Aim of the task: From the first line to the last, copy the listing exactly and omit the images.
(Beginning of Dataset excerpt)
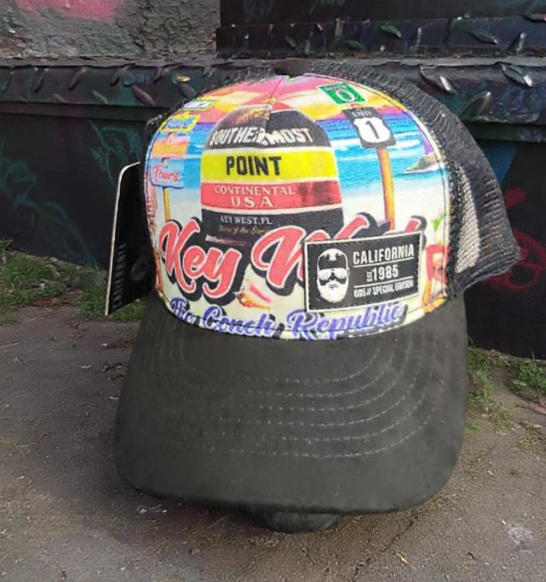 California Caps Negro Snapback Premium - Snapback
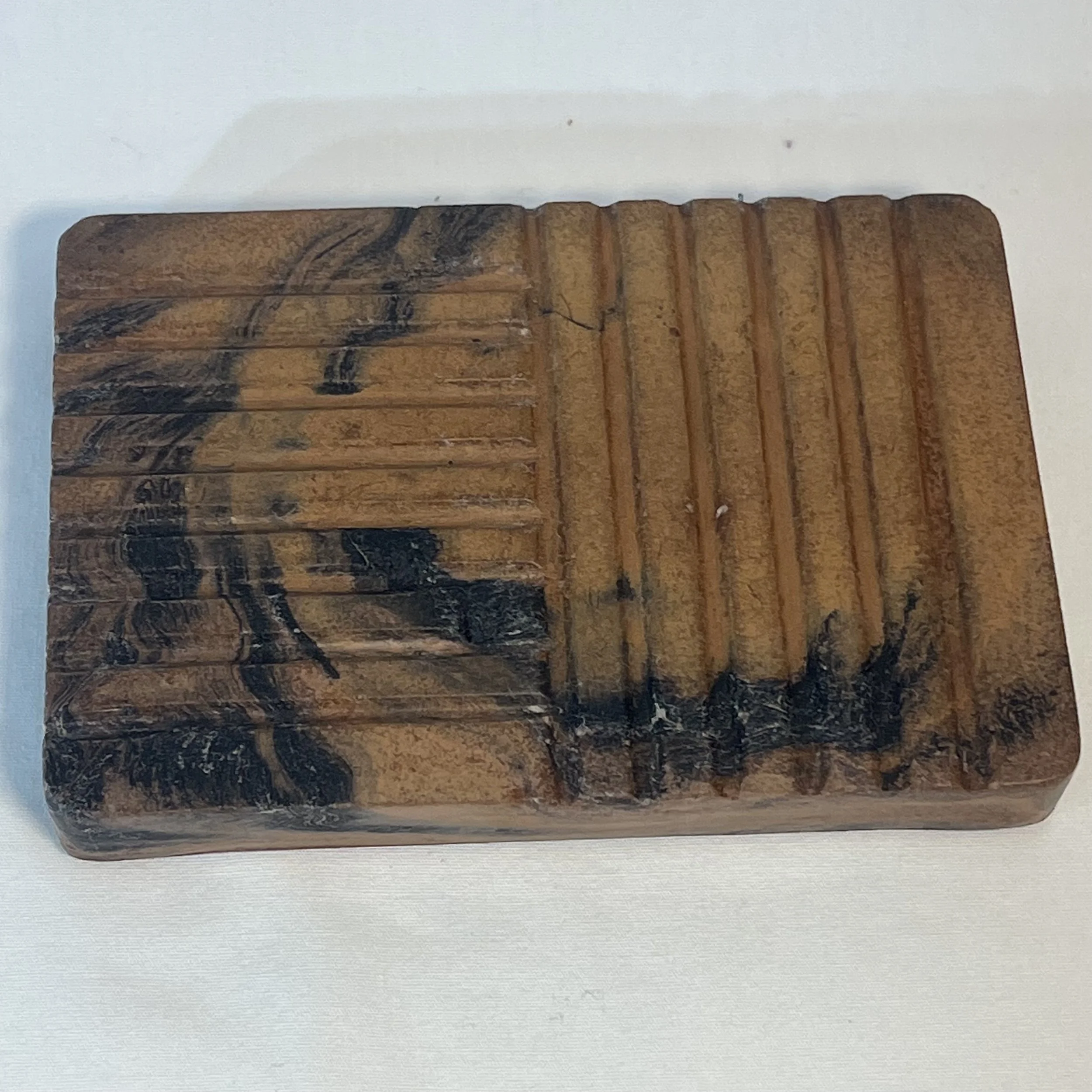 orange marbled concrete strata soap dish.jpeg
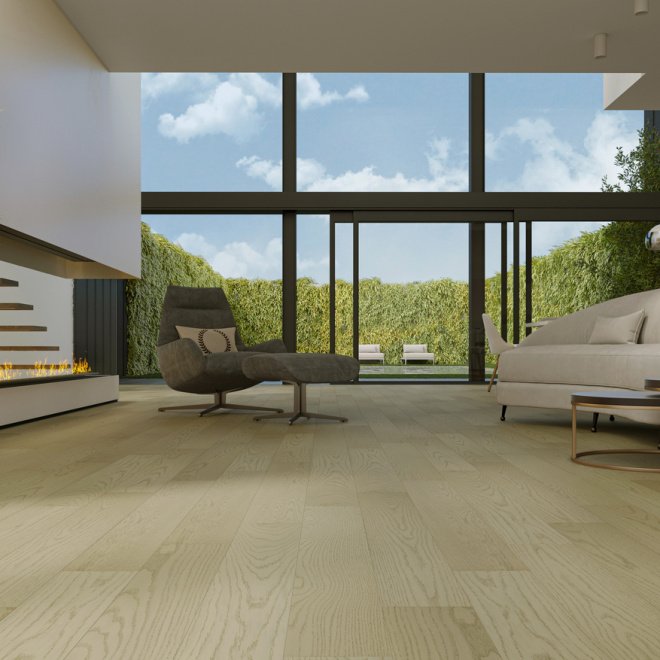 Кварц виниловый ламинат Quartz Parquet Классик 414 Дуб Шампань - фото 3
(End of Dataset excerpt)
Answer space:
 California Caps Negro Snapback Premium - Snapback
 orange marbled concrete strata soap dish.jpeg
 Кварц виниловый ламинат Quartz Parquet Классик 414 Дуб Шампань - фото 3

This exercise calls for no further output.